*** Opening INPUT ***

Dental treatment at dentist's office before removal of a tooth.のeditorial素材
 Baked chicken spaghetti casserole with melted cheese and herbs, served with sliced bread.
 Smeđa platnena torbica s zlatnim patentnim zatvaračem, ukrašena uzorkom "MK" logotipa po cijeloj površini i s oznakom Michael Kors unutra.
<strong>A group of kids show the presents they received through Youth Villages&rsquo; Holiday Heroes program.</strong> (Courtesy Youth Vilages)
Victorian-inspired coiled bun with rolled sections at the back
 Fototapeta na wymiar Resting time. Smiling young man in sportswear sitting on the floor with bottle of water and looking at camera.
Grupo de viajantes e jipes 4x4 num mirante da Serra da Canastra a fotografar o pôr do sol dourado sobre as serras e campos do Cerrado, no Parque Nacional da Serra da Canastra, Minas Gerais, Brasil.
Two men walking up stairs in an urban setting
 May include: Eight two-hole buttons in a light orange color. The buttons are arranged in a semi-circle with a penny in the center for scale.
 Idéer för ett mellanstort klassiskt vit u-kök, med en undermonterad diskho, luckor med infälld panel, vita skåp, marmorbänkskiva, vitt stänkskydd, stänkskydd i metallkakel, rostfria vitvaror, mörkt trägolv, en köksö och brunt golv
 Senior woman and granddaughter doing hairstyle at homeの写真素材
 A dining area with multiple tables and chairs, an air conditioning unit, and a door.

*** Closing INPUT ***

▶ [YOUR GOAL] A faithful copy of every record is required; output it in full.

▶ [FINISHED EXERCISE]
Dental treatment at dentist's office before removal of a tooth.のeditorial素材
 Baked chicken spaghetti casserole with melted cheese and herbs, served with sliced bread.
 Smeđa platnena torbica s zlatnim patentnim zatvaračem, ukrašena uzorkom "MK" logotipa po cijeloj površini i s oznakom Michael Kors unutra.
<strong>A group of kids show the presents they received through Youth Villages&rsquo; Holiday Heroes program.</strong> (Courtesy Youth Vilages)
Victorian-inspired coiled bun with rolled sections at the back
 Fototapeta na wymiar Resting time. Smiling young man in sportswear sitting on the floor with bottle of water and looking at camera.
Grupo de viajantes e jipes 4x4 num mirante da Serra da Canastra a fotografar o pôr do sol dourado sobre as serras e campos do Cerrado, no Parque Nacional da Serra da Canastra, Minas Gerais, Brasil.
Two men walking up stairs in an urban setting
 May include: Eight two-hole buttons in a light orange color. The buttons are arranged in a semi-circle with a penny in the center for scale.
 Idéer för ett mellanstort klassiskt vit u-kök, med en undermonterad diskho, luckor med infälld panel, vita skåp, marmorbänkskiva, vitt stänkskydd, stänkskydd i metallkakel, rostfria vitvaror, mörkt trägolv, en köksö och brunt golv
 Senior woman and granddaughter doing hairstyle at homeの写真素材
 A dining area with multiple tables and chairs, an air conditioning unit, and a door.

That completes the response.